WHAT THE EXERCISE ASKS: Every line below must be reproduced exactly; no pictures are to be included.

=== THE DATA ===

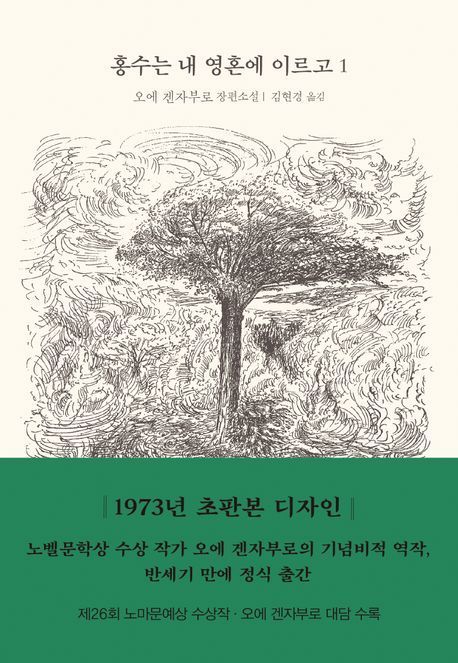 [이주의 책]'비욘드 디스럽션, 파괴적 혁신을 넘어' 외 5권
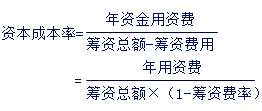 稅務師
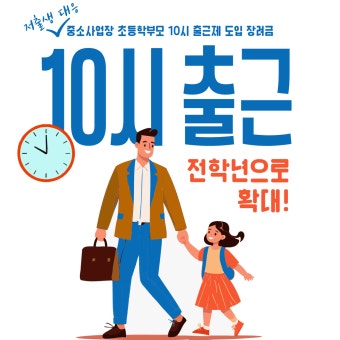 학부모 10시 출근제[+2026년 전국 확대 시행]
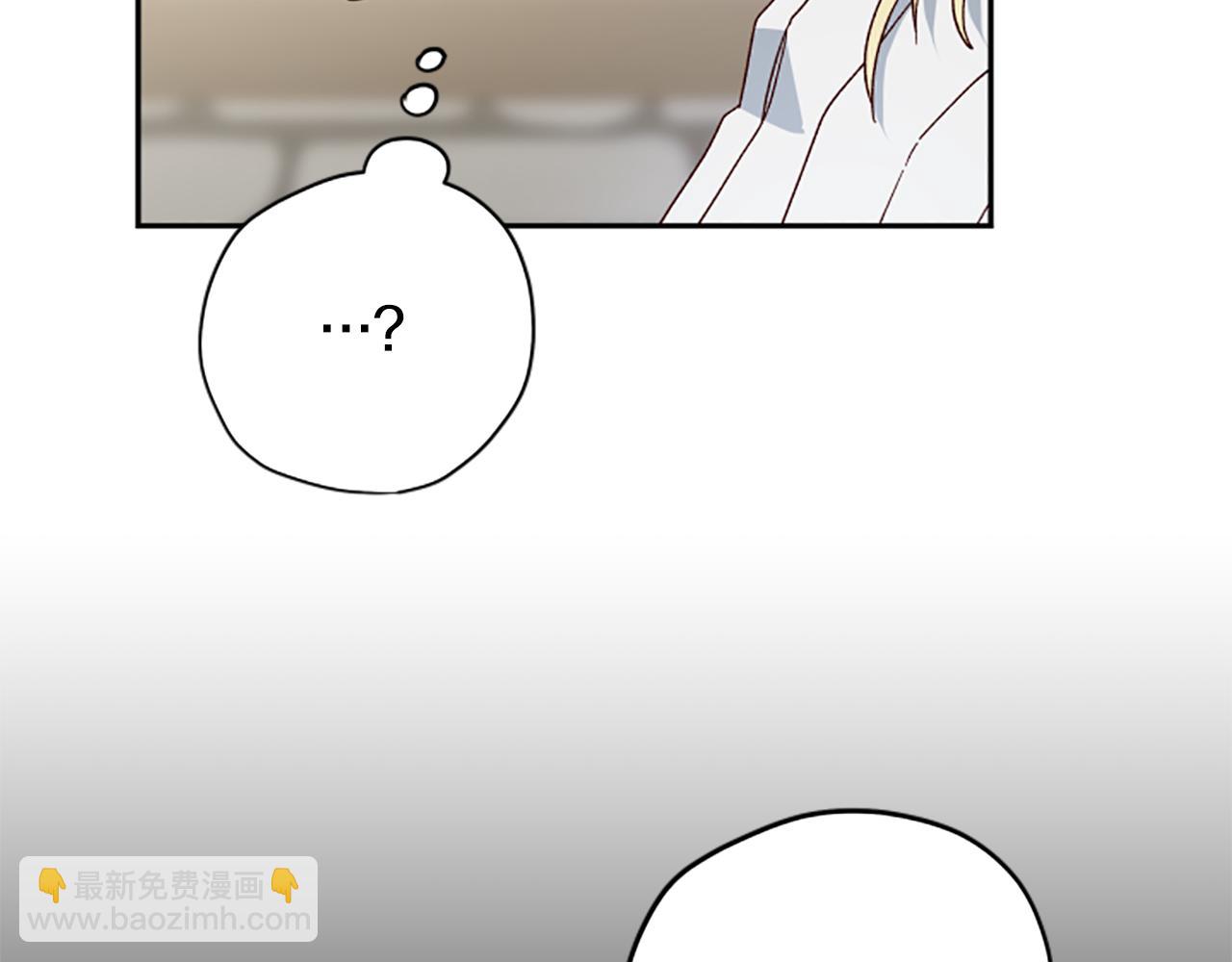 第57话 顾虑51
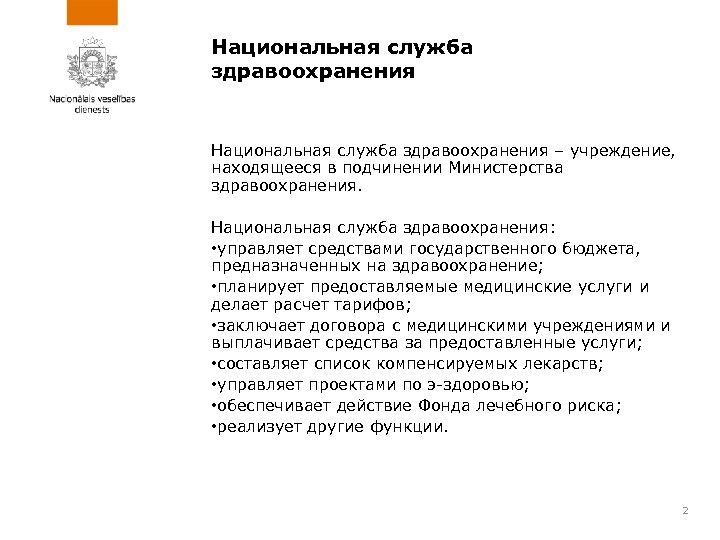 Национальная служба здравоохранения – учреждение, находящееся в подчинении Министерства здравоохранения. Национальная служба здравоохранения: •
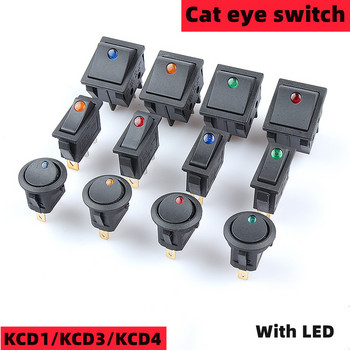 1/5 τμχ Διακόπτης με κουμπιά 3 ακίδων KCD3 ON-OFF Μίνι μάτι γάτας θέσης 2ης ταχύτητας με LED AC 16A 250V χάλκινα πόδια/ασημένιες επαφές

===

WRITTEN REPLY:
 [이주의 책]'비욘드 디스럽션, 파괴적 혁신을 넘어' 외 5권
 稅務師
 학부모 10시 출근제[+2026년 전국 확대 시행]
 第57话 顾虑51
 Национальная служба здравоохранения – учреждение, находящееся в подчинении Министерства здравоохранения. Национальная служба здравоохранения: •
 1/5 τμχ Διακόπτης με κουμπιά 3 ακίδων KCD3 ON-OFF Μίνι μάτι γάτας θέσης 2ης ταχύτητας με LED AC 16A 250V χάλκινα πόδια/ασημένιες επαφές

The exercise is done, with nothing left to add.